Research Primer: What To Research And How

Developing effective agentic AI demands a distinct research approach compared to traditional software or even generative AI. The autonomous nature of AI agents, their ability to make decisions, and their potential for proactive action necessitate specialized methodologies for understanding user expectations, mapping complex agent behaviors, and anticipating potential failures. The following research primer outlines key methods to measure and evaluate these unique aspects of agentic AI.

Mental-Model Interviews

These interviews uncover users’ preconceived notions about how an AI agent should behave. Instead of simply asking what users want, the focus is on understanding their internal models of the agent’s capabilities and limitations. We should avoid using the word “agent” with participants. It carries sci-fi baggage or is a term too easily confused with a human agent offering support or services. Instead, frame the discussion around “assistants” or “the system.”

We need to uncover where users draw the line between helpful automation and intrusive control.
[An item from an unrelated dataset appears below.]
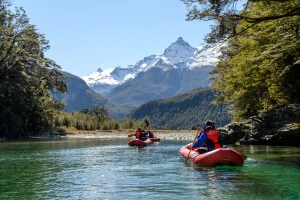 Pair of inflatable canoes paddling towards a snowcapped mountain 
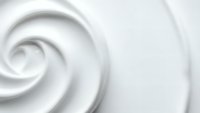 Smooth white cream swirl texture with elegant spiral pattern for cosmetic skincare beauty product backgrounds and luxury spa wellness designs.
  • Method: Ask users to describe, draw, or narrate their expected interactions with the agent in various hypothetical scenarios.
  • Key Probes (reflecting a variety of industries):
    • To understand the boundaries of desired automation and potential anxieties around over-automation, ask:
      • If your flight is canceled, what would you want the system to do automatically? What would worry you if it did that without your explicit instruction?
    • To explore the user’s understanding of the agent’s internal processes and necessary communication, ask:
      • Imagine a digital assistant is managing your smart home. If a package is delivered, what steps do you imagine it takes, and what information would you expect to receive?
    • To uncover expectations around control and consent within a multi-step process, ask:
      • If you ask your digital assistant to schedule a meeting, what steps do you envision it taking? At what points would you want to be consulted or given choices?
  • Benefits of the method: Reveals implicit assumptions, highlights areas where the agent’s planned behavior might diverge from user expectations, and informs the design of appropriate controls and feedback mechanisms.

Agent Journey Mapping:

Similar to traditional user journey mapping, agent journey mapping specifically focuses on the anticipated actions and decision points of the AI agent itself, alongside the user’s interaction. This helps to proactively identify potential pitfalls.
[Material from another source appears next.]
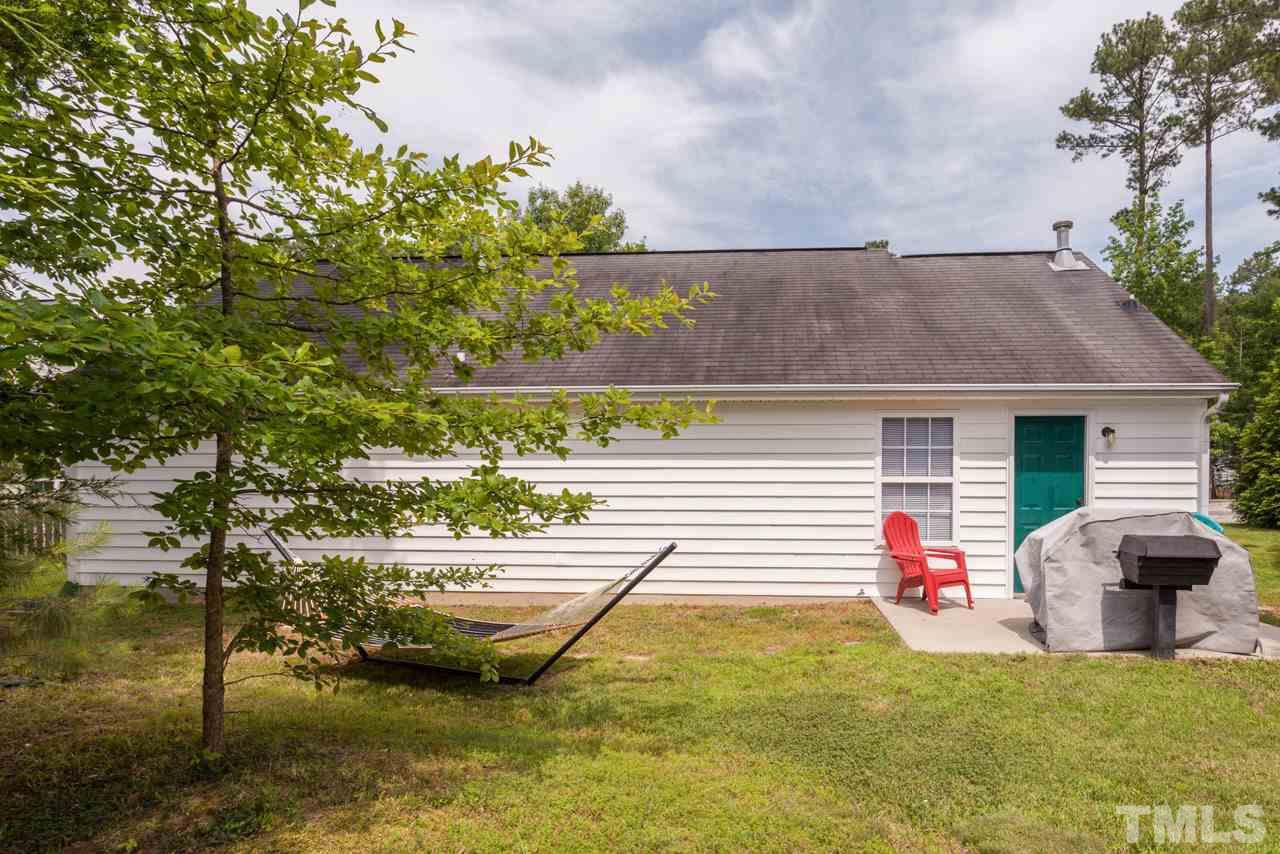 6007 Newhall Road Durham, NC 27713 - Photo 22 of 25 a view of a swimming pool with a patio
  • Method: Create a visual map that outlines the various stages of an agent’s operation, from initiation to completion, including all potential actions, decisions, and interactions with external systems or users.
  • Key Elements to Map:
    • Agent Actions: What specific tasks or decisions does the agent perform?
    • Information Inputs/Outputs: What data does the agent need, and what information does it generate or communicate?
    • Decision Points: Where does the agent make choices, and what are the criteria for those choices?
    • User Interaction Points: Where does the user provide input, review, or approve actions?
    • Points of Failure: Crucially, identify specific instances where the agent could misinterpret instructions, make an incorrect decision, or interact with the wrong entity.
      • Examples: Incorrect recipient (e.g., sending sensitive information to the wrong person), overdraft (e.g., an automated payment exceeding available funds), misinterpretation of intent (e.g., booking a flight for the wrong date due to ambiguous language).
    • Recovery Paths: How can the agent or user recover from these failures? What mechanisms are in place for correction or intervention?
  • Benefits of the method: Provides a holistic view of the agent’s operational flow, uncovers hidden dependencies, and allows for the proactive design of safeguards, error handling, and user intervention points to prevent or mitigate negative outcomes.
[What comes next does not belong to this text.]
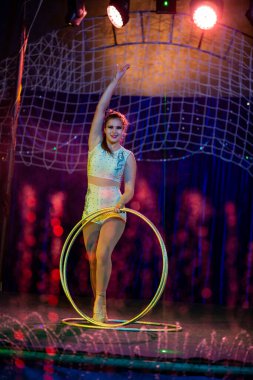 Genç, zayıf, çekici sirk jimnastikçisi kadın, kırmızı arenada hula hoopla canlı performans sergiliyor. Seyirciler heyecanlanıyor.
Simulated Misbehavior Testing:

This approach is designed to stress-test the system and observe user reactions when the AI agent fails or deviates from expectations. It’s about understanding trust repair and emotional responses in adverse situations.

  • Method: In controlled lab studies, deliberately introduce scenarios where the agent makes a mistake, misinterprets a command, or behaves unexpectedly.
  • Types of “Misbehavior” to Simulate:
    • Command Misinterpretation: The agent performs an action slightly different from what the user intended (e.g., ordering two items instead of one).
    • Information Overload/Underload: The agent provides too much irrelevant information or not enough critical details.
    • Unsolicited Action: The agent takes an action the user explicitly did not want or expect (e.g., buying stock without approval).
    • System Failure: The agent crashes, becomes unresponsive, or provides an error message.
    • Ethical Dilemmas: The agent makes a decision with ethical implications (e.g., prioritizing one task over another based on an unforeseen metric).
  • Observation Focus:
    • User Reactions: How do users react emotionally (frustration, anger, confusion, loss of trust)?
    • Recovery Attempts: What steps do users take to correct the agent’s behavior or undo its actions?
    • Trust Repair Mechanisms: Do the system’s built-in recovery or feedback mechanisms help restore trust? How do users want to be informed about errors?
    • Mental Model Shift: Does the misbehavior alter the user’s understanding of the agent’s capabilities or limitations?
  • Benefits of the method: Crucial for identifying design gaps related to error recovery, feedback, and user control. It provides insights into how resilient users are to agent failures and what is needed to maintain or rebuild trust, leading to more robust and forgiving agentic systems.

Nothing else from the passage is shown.